Debt Management

GFOA Primer: Municipal Advisor Rulemaking and Issuers

The Implications of the SEC Rule and MSRB Rule G-42 on Hiring and Using Municipal Advisors and Underwriters


KEY DATE: Governmental debt issuers that work with municipal advisors should be aware that by September 12, 2017, any individuals providing municipal advisory services must have passed the “Series 50” exam, a professional qualification exam developed by the Municipal Securities Rulemaking Board (MSRB). After September 12, 2017, any individual who does not hold the Series 50 registration cannot perform municipal advisory activities.


The information contained in this document was developed to educate members about the SEC MCDC Initiative and should not be construed as legal advice.

The Securities and Exchange Commission’s municipal advisor rule took effect on July 1, 2014. The Rule defines the term “municipal advisor” (MA), and creates the broad framework for the regulations that the MSRB is charged with developing regarding the duties and responsibilities of MAs. The MA Rule itself stems from the new regulatory framework over municipal advisors created by the Dodd-Frank Act to protect issuers from unfair and deceptive practices by outside professionals and clearly states that municipal advisors have a federal fiduciary duty to their issuer clients, must meet professional qualification standards and may serve no other role than to advise their clients in a transaction.

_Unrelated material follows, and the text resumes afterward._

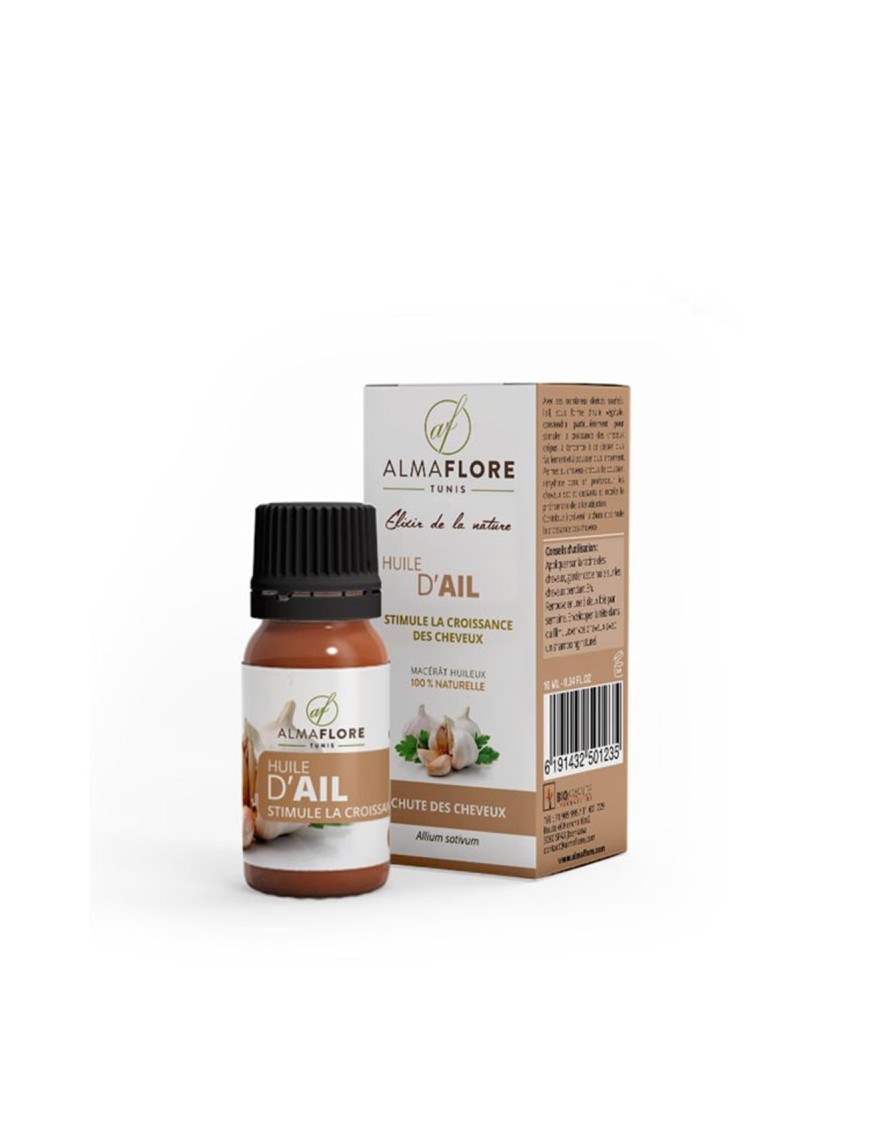 Huile Végétale d'Ail 10ml - Almaflore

While the MA Rule and subsequent MSRB rulemaking do not regulate issuers directly, there are numerous indirect implications, especially related to MSRB Rule G-42, Duties of municipal advisors, that goes into effect June 23, 2016. These include: formal standards that must be met by the MA, and between MAs and their clients, including written documentation of municipal advisory engagements; disclosures to client of MA conflicts of interest; and the recommendations that MAs provide issuers must meet a suitability standard, which may in turn result in additional discussions between MAs and their clients.

If an issuer is engaged with a MA on June 23, 2016 (and thereafter), regardless of the timing of the project, the MA must adhere to new rulemaking. The MA will send issuers disclosure of conflicts of interest, at the very least.

These rules not only apply to municipal advisors to governments on bond and financing transactions, but also all types of advisory activities, including swaps and advice provided after the deal is closed (e.g., defeasance of the securities, rating agency presentations). This is important to note as in the past, others on the financing team may have provided this type of advice to governments. Under the MA Rule, while non-MA professionals will be able to freely respond to an issuer’s RFP, talk in general terms with issuers about general market information, and pitch products within certain limits, any specific advice from them is prohibited unless certain exemptions apply. (See The MA Rule and Underwriters section at the end of this brief.) Additionally, MAs working for broker/dealer firms have the same obligations as non-broker/dealer firm MAs. Further, while a broker/dealer MA serving as MA on a transaction may not engage in other activities related to that specific bond transaction, the firm may participate in other transactions and as other parties (e.g., underwriter, placement agent) on a separate transaction.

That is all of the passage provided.